**Assignment:** Write every record below out exactly; no images.

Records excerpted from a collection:
----

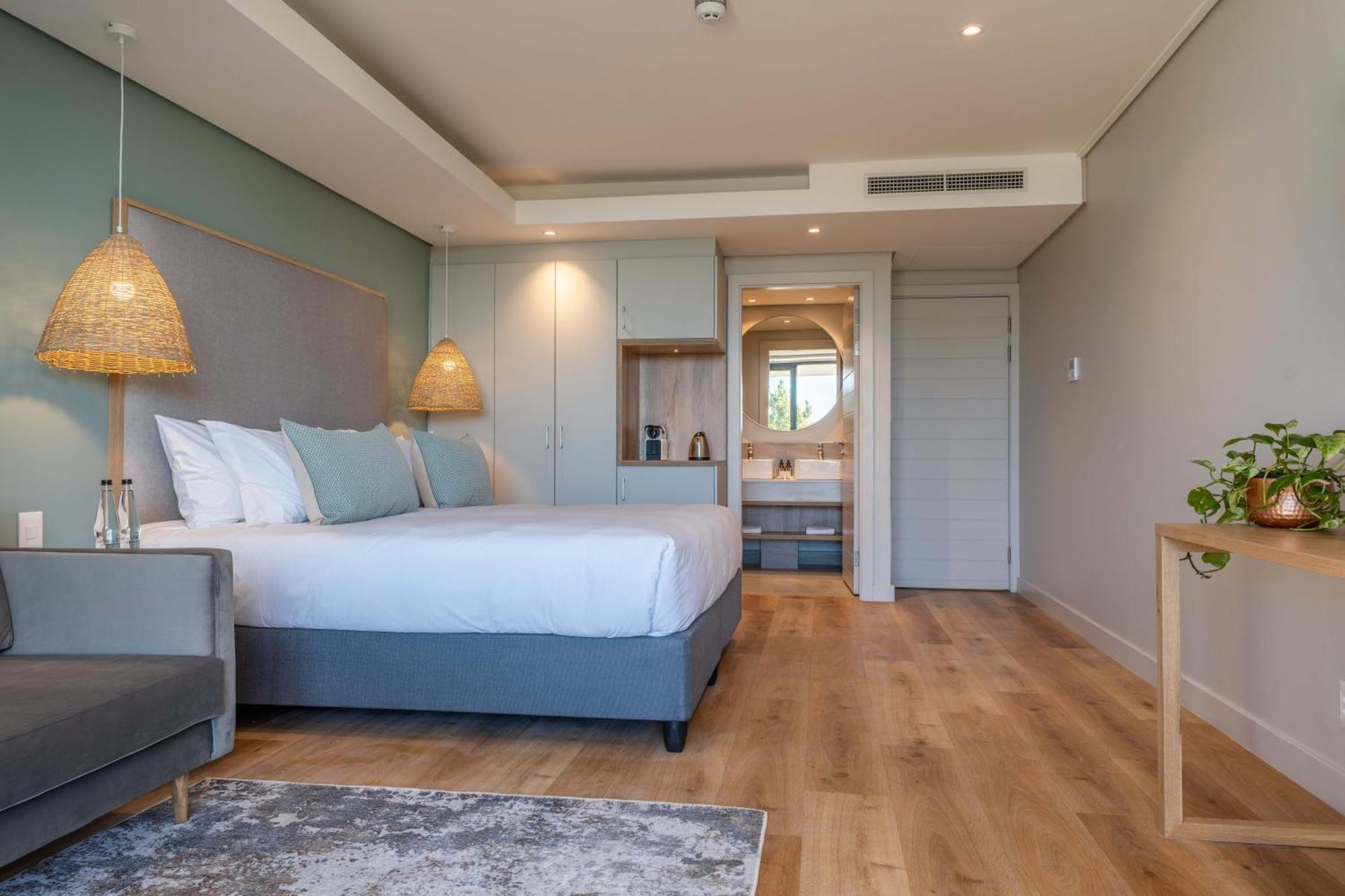 Plett Quarter Hotel - Lion Roars Hotels & Lodges Plettenberg Bay Zewnętrze zdjęcie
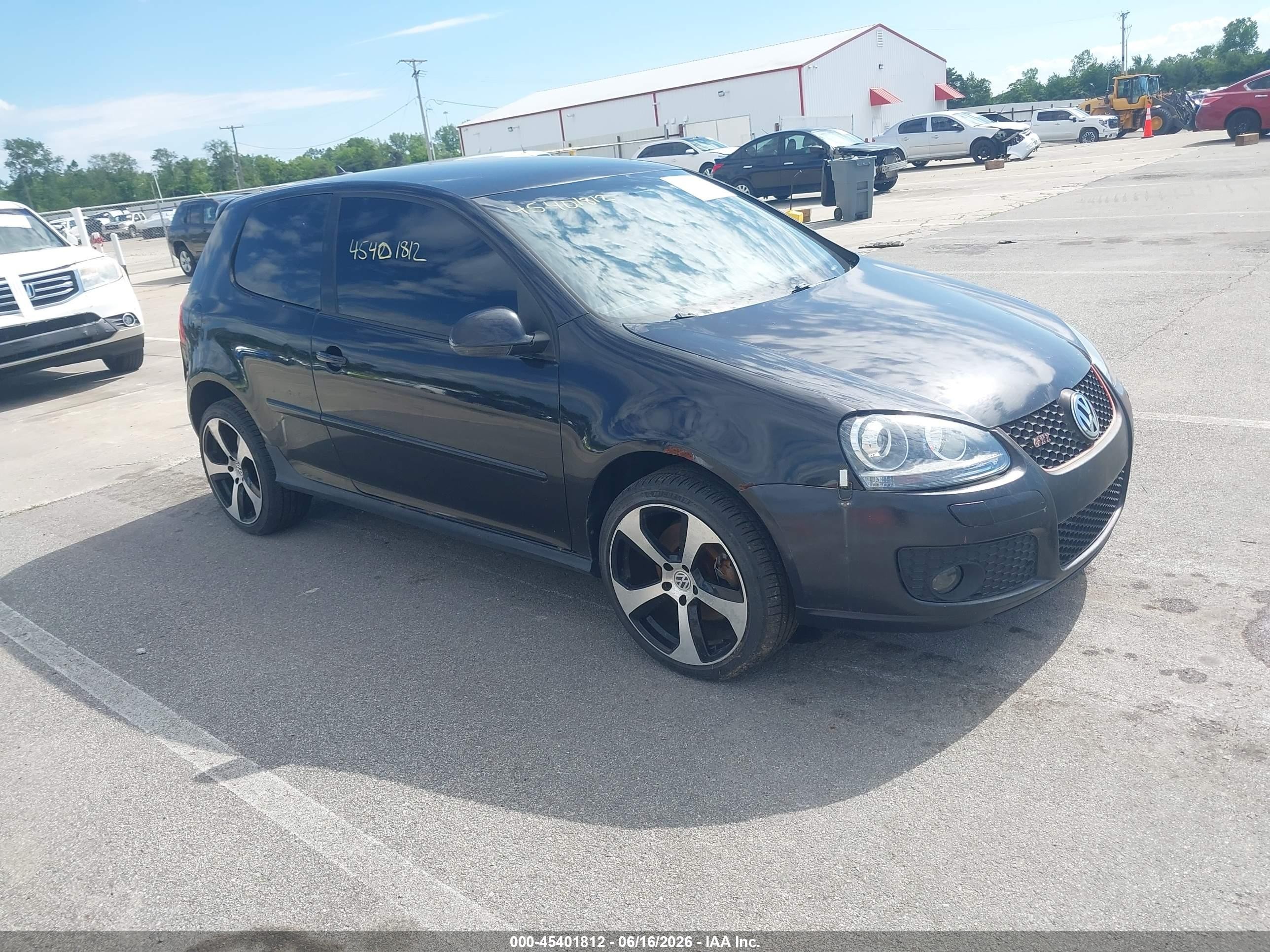 WVWEV71K58W125682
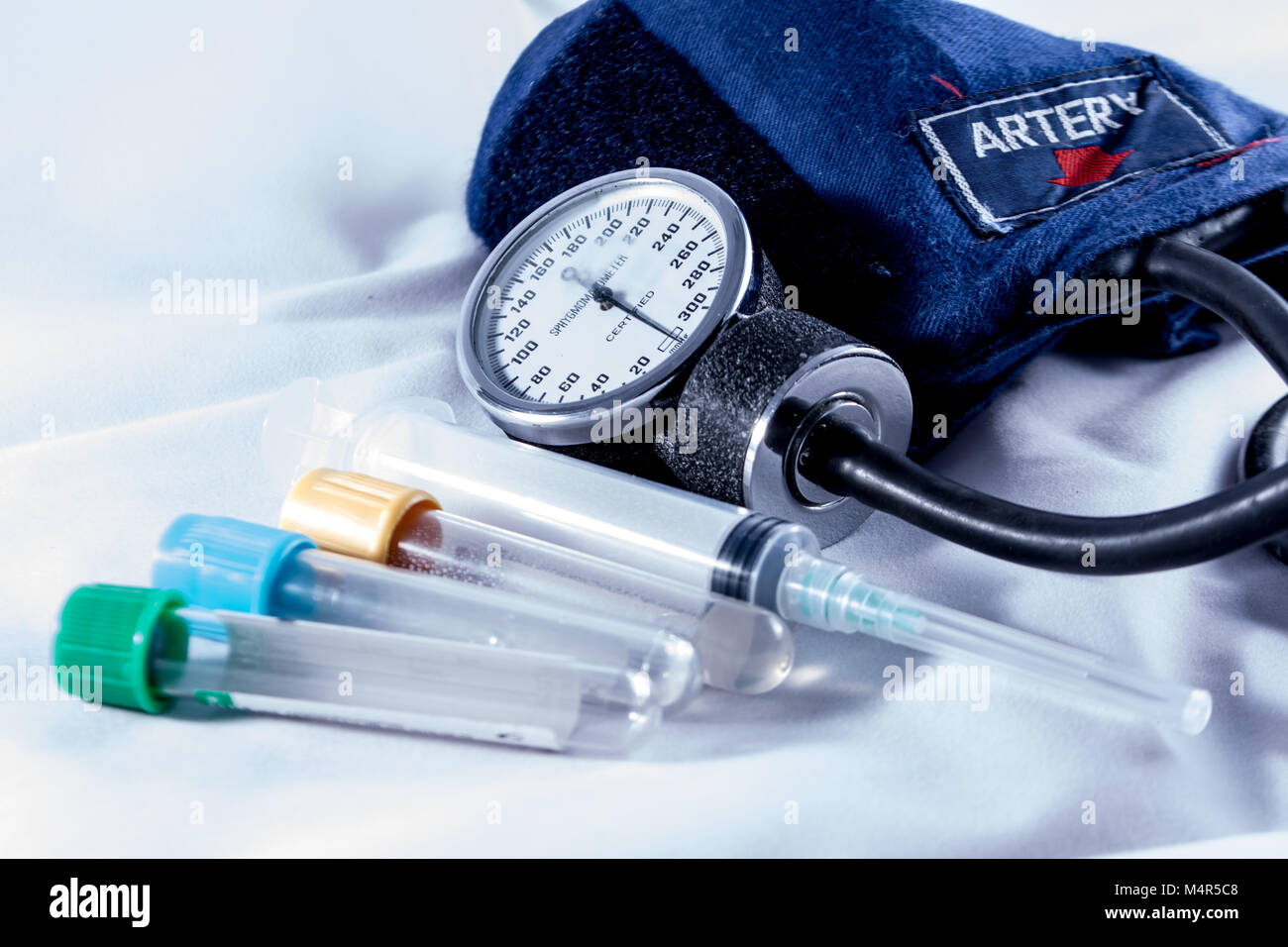 Diagnosi, sfigmomanometro, siringa, esami del sangue e cure Foto Stock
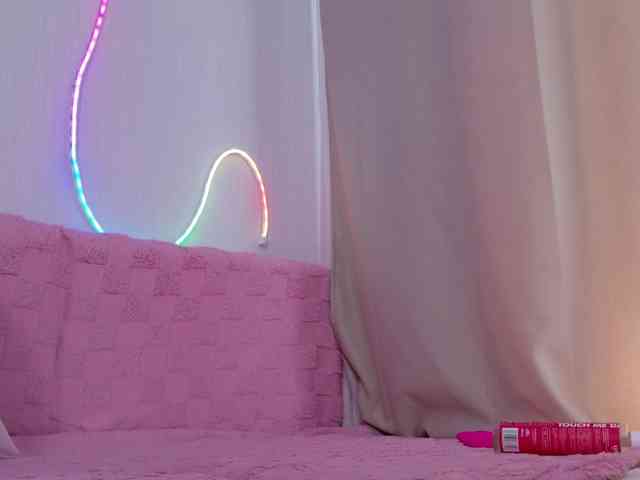 b4by-Emilia Sex Cam Show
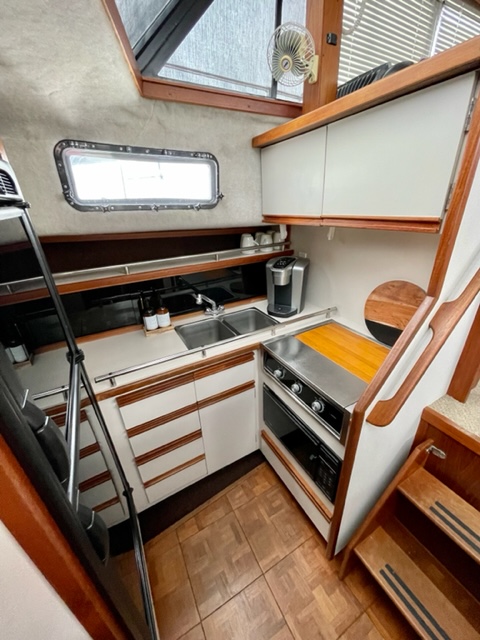1990 Carver 3607 Aft Cabin”Sold”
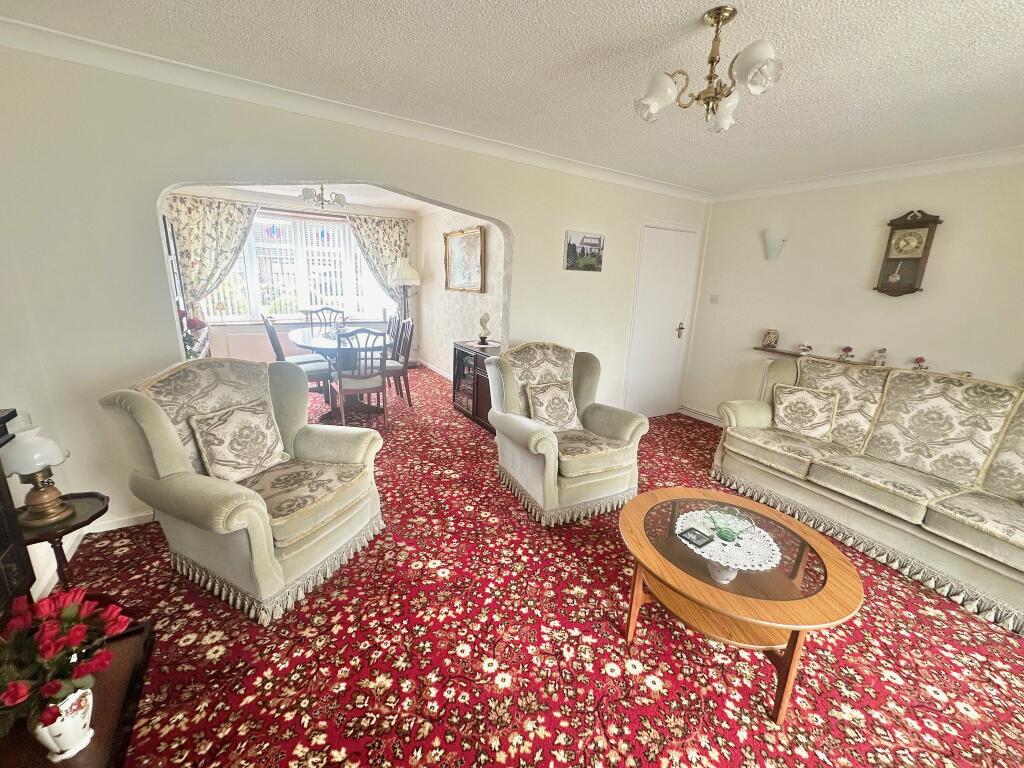 11. Lounge/Dining Room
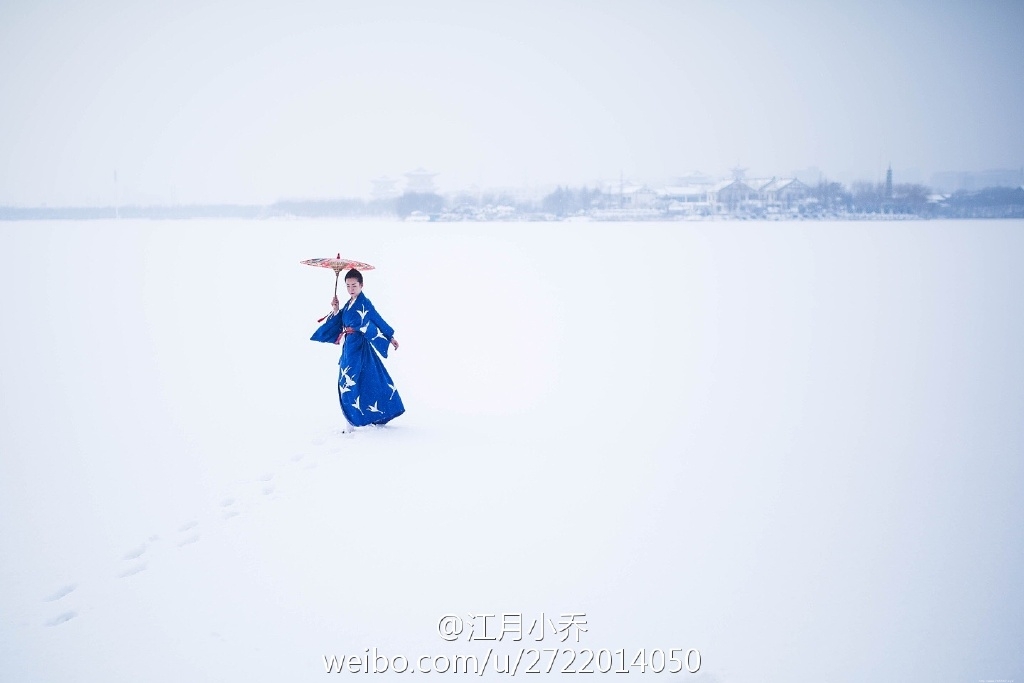 古装红唇美女雪地唯美迷人写真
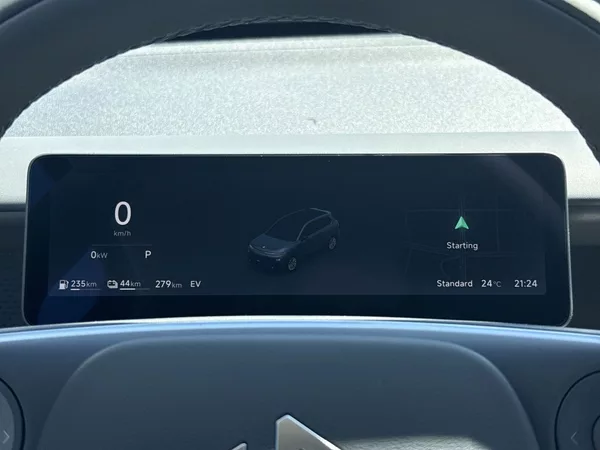 Leapmotor B10 DESIGN HYBRID EV - foto 6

----

**Task result:**
 Plett Quarter Hotel - Lion Roars Hotels & Lodges Plettenberg Bay Zewnętrze zdjęcie
 WVWEV71K58W125682
 Diagnosi, sfigmomanometro, siringa, esami del sangue e cure Foto Stock
 b4by-Emilia Sex Cam Show
1990 Carver 3607 Aft Cabin”Sold”
 11. Lounge/Dining Room
 古装红唇美女雪地唯美迷人写真
 Leapmotor B10 DESIGN HYBRID EV - foto 6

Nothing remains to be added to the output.